Could it be true? Does Barack Obama’s reëlection, and the Democrats’ retention of a handy majority in the Senate, signify that the age of Reagan and Bush is truly over, and that a more liberal age is replacing it? With at least some Congressional Republicans seemingly willing to accept higher tax rates on the rich; with the Supreme Court set to hear arguments on gay marriage, which could conceivably lead to the legalization of same-sex unions across the country; and with the U.S. presence in Iraq and Afghanistan fast drawing down—it is at least possible to imagine such a thing.

Perhaps. A new poll from Politico/George Washington University, which was released on Monday, showed that sixty per cent of Americans back higher taxes on those earning more than $250,000 a year, and sixty-four per cent of Americans support raising taxes on large corporations. Support for higher taxes on the rich extends across the political spectrum. Fully fifty-nine per cent of independents favor such a policy. Even among self-identified Republicans, there is almost forty per cent backing. “Democrats really have a winning issue here, and we should drive it hard,” Celinda Lake, a Democratic pollster who helped conduct the poll, told Politico. “We’re in an era now where there’s a lot of cynicism about trickle-down economics.”
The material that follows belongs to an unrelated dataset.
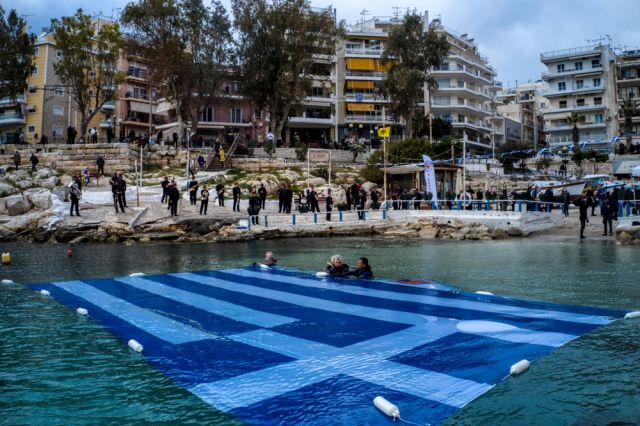 Ελληνική σημαία στη Θάλασσα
That appears to be true. When the pollsters asked the respondents whether they believed that raising taxes on high earners would damage the economy, almost sixty per cent of them said no. The detailed findings of the poll show that this rejection of the trickle-down argument was common to almost all the major geographic and demographic groups: men and women; the young, the middle aged, and the old; Midwesterners and Southerners; Catholics and Protestants; whites and Hispanics; high-school dropouts and college graduates. About the only groups that agreed with the G.O.P. argument were self-identified Republicans, conservatives, white conservative Christians, and members of the upper class. And even here, the support was hardly overwhelming. Thirty-seven per cent of Republicans and forty-five per cent of conservatives said that imposing steeper taxes on the highest earners wouldn’t hurt the economy.